Exercise directions
Could you output every record below exactly, leaving out the pictures?

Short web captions
◇ ◇ ◇
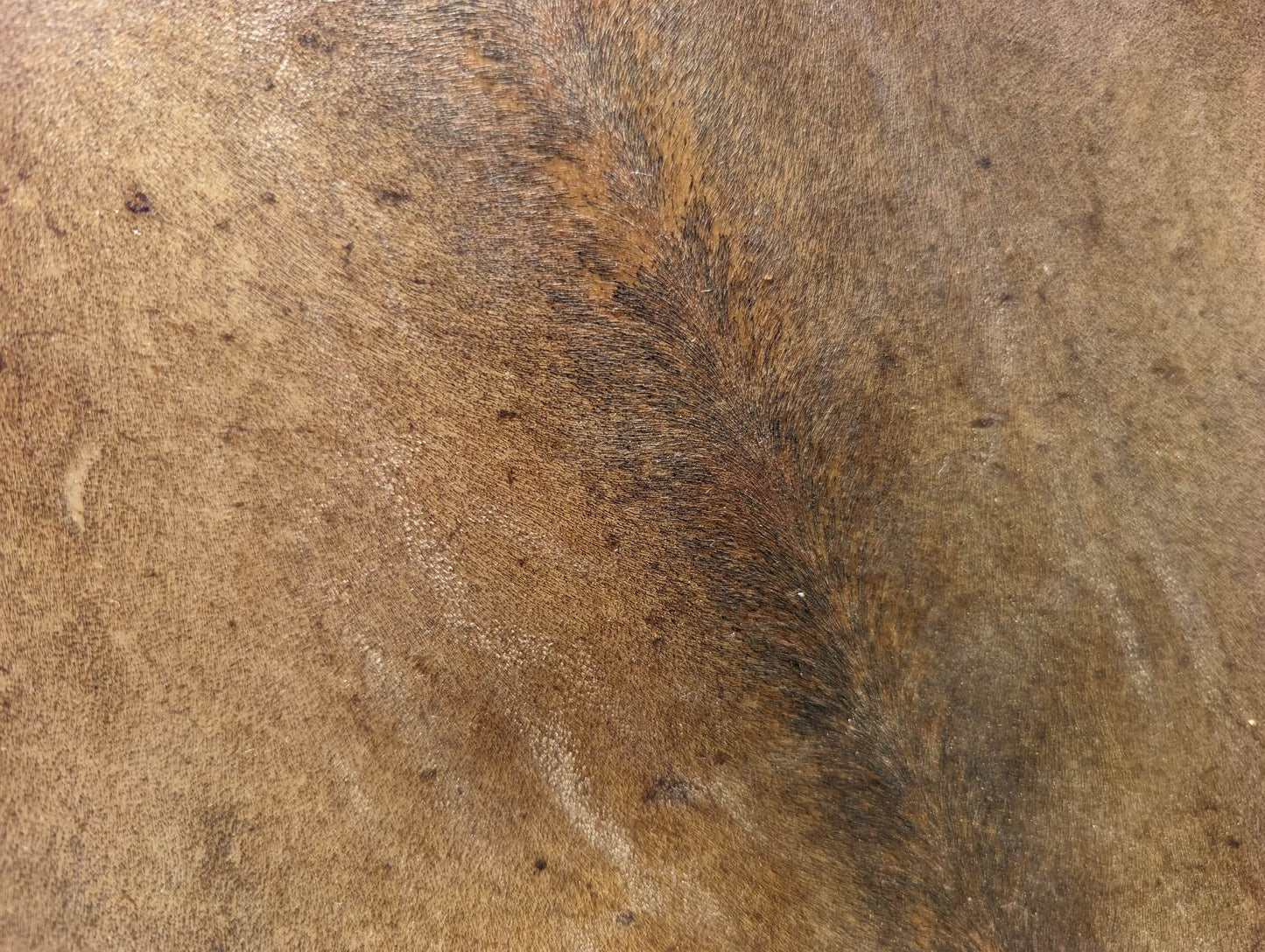 "Right Path" 18 Inch Horse Hide Horse Tail Drum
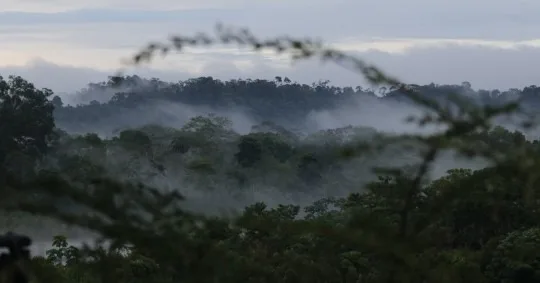 Ecuador perdió 1,16 millones de hectáreas de cobertura natural en los últimos 38 años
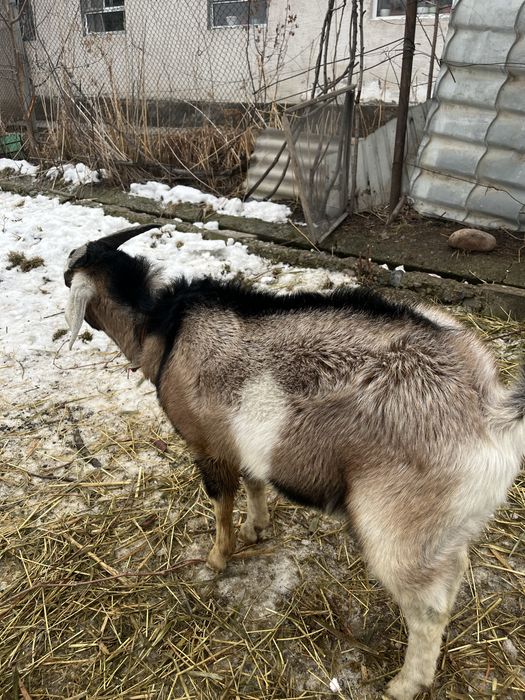 Козел англо нубийский,  чистый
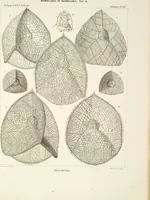 Picture 18 of 29 from (Band 2): Grundriss einer allgemeinen Naturgeschichte der Radiolarien (1887), leaf 369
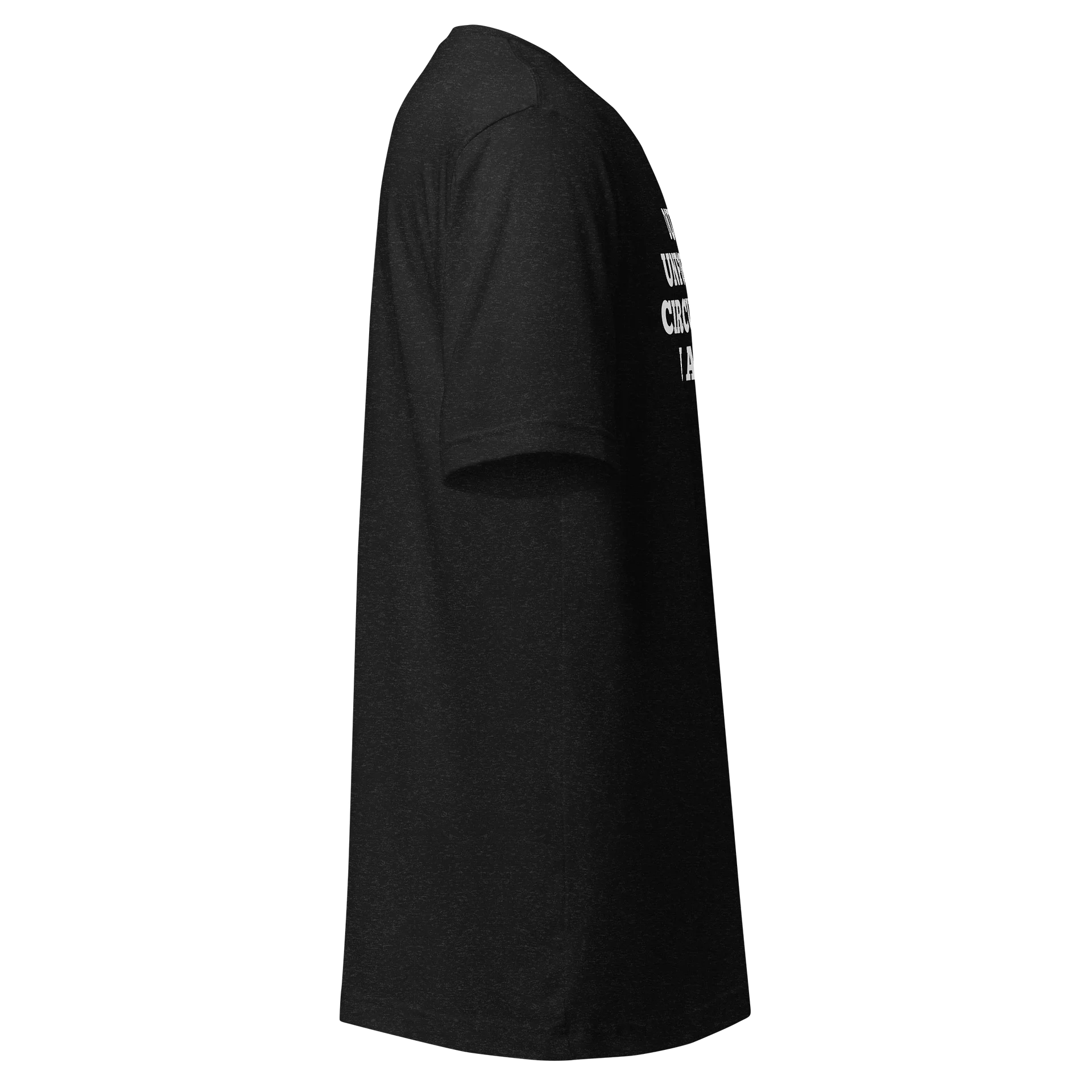 Unfortunate Circumstances product image (19)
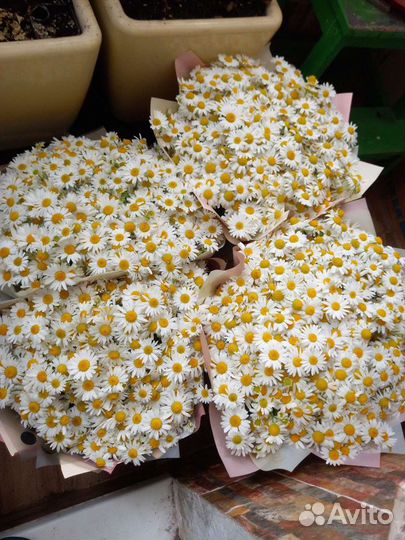 Ромашки Полевые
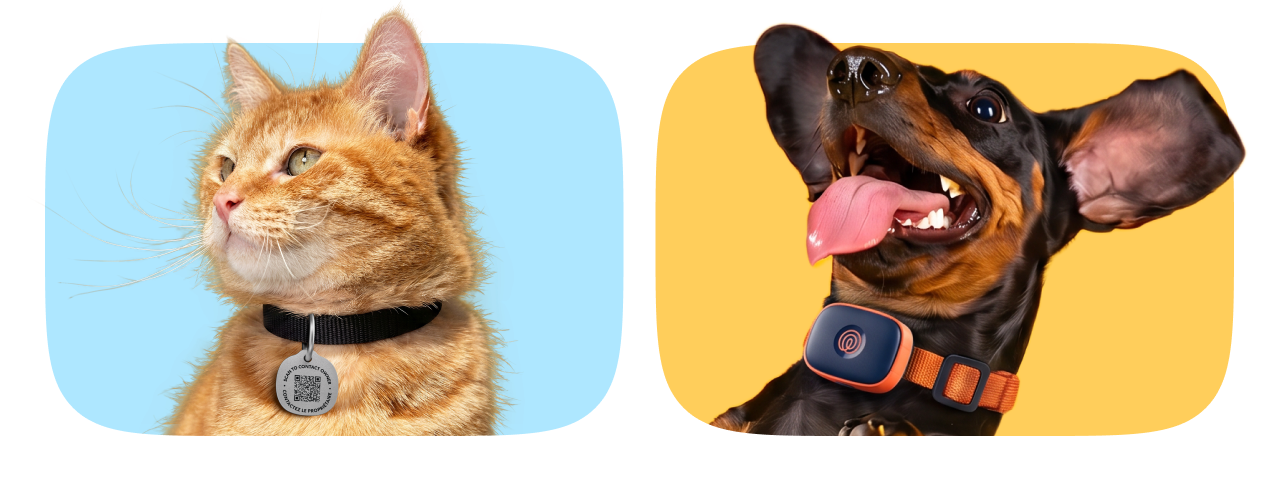 Pet moments M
◇ ◇ ◇
Answer section
 "Right Path" 18 Inch Horse Hide Horse Tail Drum
 Ecuador perdió 1,16 millones de hectáreas de cobertura natural en los últimos 38 años
 Козел англо нубийский,  чистый
 Picture 18 of 29 from (Band 2): Grundriss einer allgemeinen Naturgeschichte der Radiolarien (1887), leaf 369
 Unfortunate Circumstances product image (19)
 Ромашки Полевые
 Pet moments M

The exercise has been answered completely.